* [WHAT YOU ARE ASKED TO DO]
Pick each line that has "Glass" out of the records.

[Caption-style text data]
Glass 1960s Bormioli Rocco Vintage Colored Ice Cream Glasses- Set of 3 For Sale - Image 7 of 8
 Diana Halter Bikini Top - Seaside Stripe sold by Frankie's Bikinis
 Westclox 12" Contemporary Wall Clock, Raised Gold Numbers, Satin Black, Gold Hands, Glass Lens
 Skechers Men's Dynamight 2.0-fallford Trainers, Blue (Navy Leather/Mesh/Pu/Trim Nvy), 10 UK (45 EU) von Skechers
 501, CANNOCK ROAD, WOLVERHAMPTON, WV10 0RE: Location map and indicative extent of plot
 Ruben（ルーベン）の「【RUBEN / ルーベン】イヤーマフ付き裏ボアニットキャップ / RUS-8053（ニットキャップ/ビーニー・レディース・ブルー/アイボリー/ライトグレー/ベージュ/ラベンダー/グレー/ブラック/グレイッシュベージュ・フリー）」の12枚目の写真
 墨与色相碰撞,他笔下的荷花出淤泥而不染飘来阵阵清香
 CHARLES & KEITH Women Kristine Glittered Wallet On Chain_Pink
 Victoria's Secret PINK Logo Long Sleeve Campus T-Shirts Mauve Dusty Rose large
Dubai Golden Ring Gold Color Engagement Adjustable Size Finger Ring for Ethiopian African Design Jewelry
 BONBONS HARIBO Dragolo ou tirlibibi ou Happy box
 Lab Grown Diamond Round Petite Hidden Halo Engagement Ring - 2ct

* [RESULT OF THE EXERCISE]
Glass 1960s Bormioli Rocco Vintage Colored Ice Cream Glasses- Set of 3 For Sale - Image 7 of 8
 Westclox 12" Contemporary Wall Clock, Raised Gold Numbers, Satin Black, Gold Hands, Glass Lens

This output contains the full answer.